Virtual Continuity and its Impact on Complex Hospitalized Patients' Care - 2010

Principal Investigator
Funding Mechanism
PAR: HS08-270: Utilizing Health Information Technology to Improve Health Care Quality Grant (R18)
Grant Number
R18 HS 018151
Project Period
October 2009 – September 2012
AHRQ Funding Amount
Summary Status as of
December 2010

Target Population: Adults

Summary: Hospital care processes have changed dramatically over the last 10 to 15 years. Previously, hospitalized patients were cared for by their primary care physician (PCP), facilitating continuity of care between inpatient and ambulatory care settings. Now, many hospitalized patients are cared for by hospital staff physicians and are returned to their PCPs’ care upon discharge. Without dedicated information transfer processes, this stratification of care can lead to information loss and medical error. Heightened communication with and involvement by the PCP in the care of hospitalized patients should decrease medication errors, diagnostic errors, and follow up errors, thereby improving medical care quality and safety as well as patient and physician satisfaction.

This project, started in October 2009, will enhance MedTrak, the University of Pittsburgh Medical Center (UPMC) electronic physician communication tool, with an initiative called Virtual Continuity. Virtual Continuity allows PCPs to follow their hospitalized patients electronically and participate more directly in their care through the use of e-mails that are triggered by clinical events with embedded links to electronic medical record (EMR) data and communication portals, medication lists electronically delivered at admission and discharge, and immediate notification of discharge with pertinent clinical details. The project is using the Cerner PowerChart EMR system, a Certification Commission for Health Information Technology-certified product.

To evaluate the impact of Virtual Continuity, a pre-post study will compare the frequency of discharge medication errors before and after initiation of the Virtual Continuity intervention. Additional evaluation measures include PCPs’ frequency and timeliness of receiving information, PCPs’ perception of information exchange adequacy and usefulness, patients’ satisfaction with care and the information they receive, and rates of rehospitalization, post-discharge emergency department visits, and PCP followup visits. The information technology cost of implementing and maintaining the Virtual Continuity intervention will also be assessed.

Specific Aims:
  • Augment the present system of PCP notification through the development and use of electronic EMR links to allow virtual continuity for the PCP. (Ongoing)
  • Measure differences in patient care safety and quality between PCPs receiving virtual continuity versus usual communication in a pre-post study. (Ongoing)
  • Evaluate the impact of virtual continuity. (Upcoming)
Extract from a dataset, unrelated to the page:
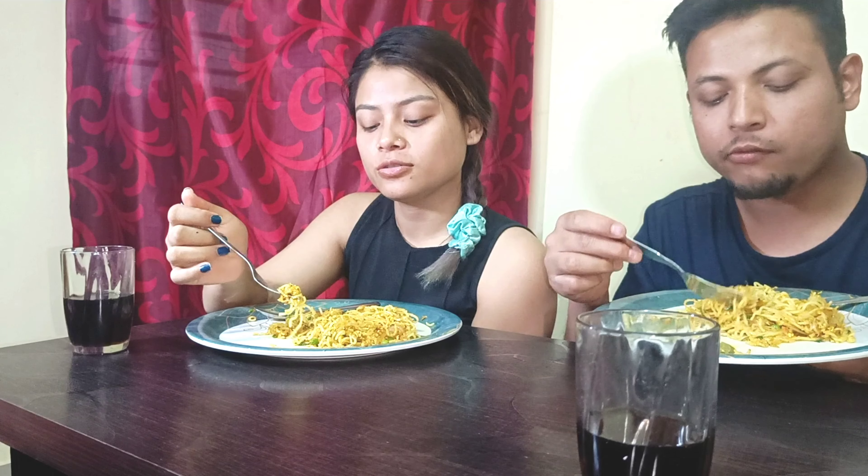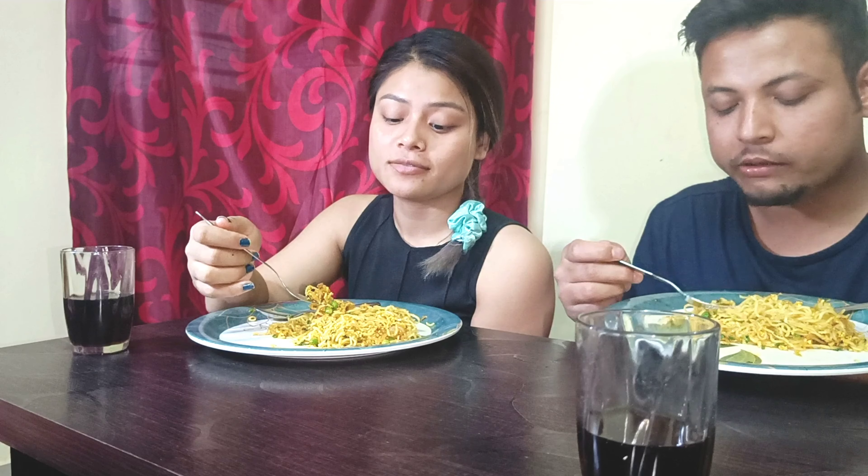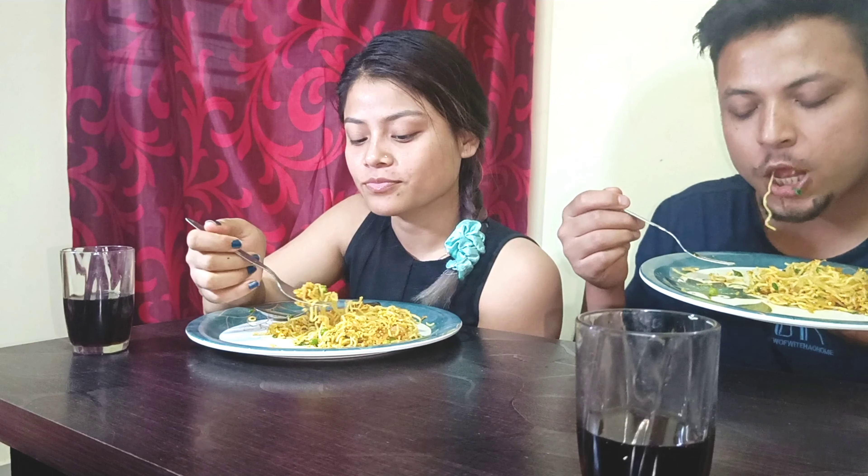You guys can also try like this — it will be very yummy. Rather than making it with gravy, you can try it like this. It will be very different and yummy, dry.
2010 Activities: A steering committee and a working group consisting of project investigators and UPMC Information Services Department personnel continued to meet regularly to develop procedures that will allow enhanced hospital to PCP communication to occur. Planning of specific processes to implement and maintain the virtual continuity communication intervention is ongoing.

Physicians who serve as PCPs and are employed by the University of Pittsburgh or by UPMC, in concert with the UPMC Office and Physician Relations, have been recruited to participate in the study. Two research assistants have been hired. Patient recruitment and pilot data collection began in September 2010.

Grantee's Most Recent Self-Reported Quarterly Status (as of December 2010): There has been slippage with project milestones because of delays initiating data collection with hospital patients. The data collection was expected to begin in October after the pilot was completed and is now expected to begin in February 2011. The budget is underspent as a result of project delays and difficulty hiring staff.

Impact and Findings: The Delphi PCP survey was conducted via a Web-based interface. Rated items in the first round having a 95 percent confidence interval lower boundary of 4.0 or more were defined as accepted by the panel. Items with a 95 percent confidence interval upper boundary less than 3.0 were rejected. All other items were defined as indeterminate. In the second round of the survey, the panel was asked to reconsider those indeterminate data items, showing them their prior rating and the group mean for each item in an effort reach further consensus on those items.

In the first round of the Delphi survey, 37 of 89 items were accepted, one was rejected, and 51 were indeterminate. The second round survey considered these 51 indeterminate items and consensus to accept was found on 6 more items.

Strategic Goal: Develop and disseminate health IT evidence and evidence-based tools to support patient-centered care, the coordination of care across transitions in care settings, and the use of electronic exchange of health information to improve quality of care.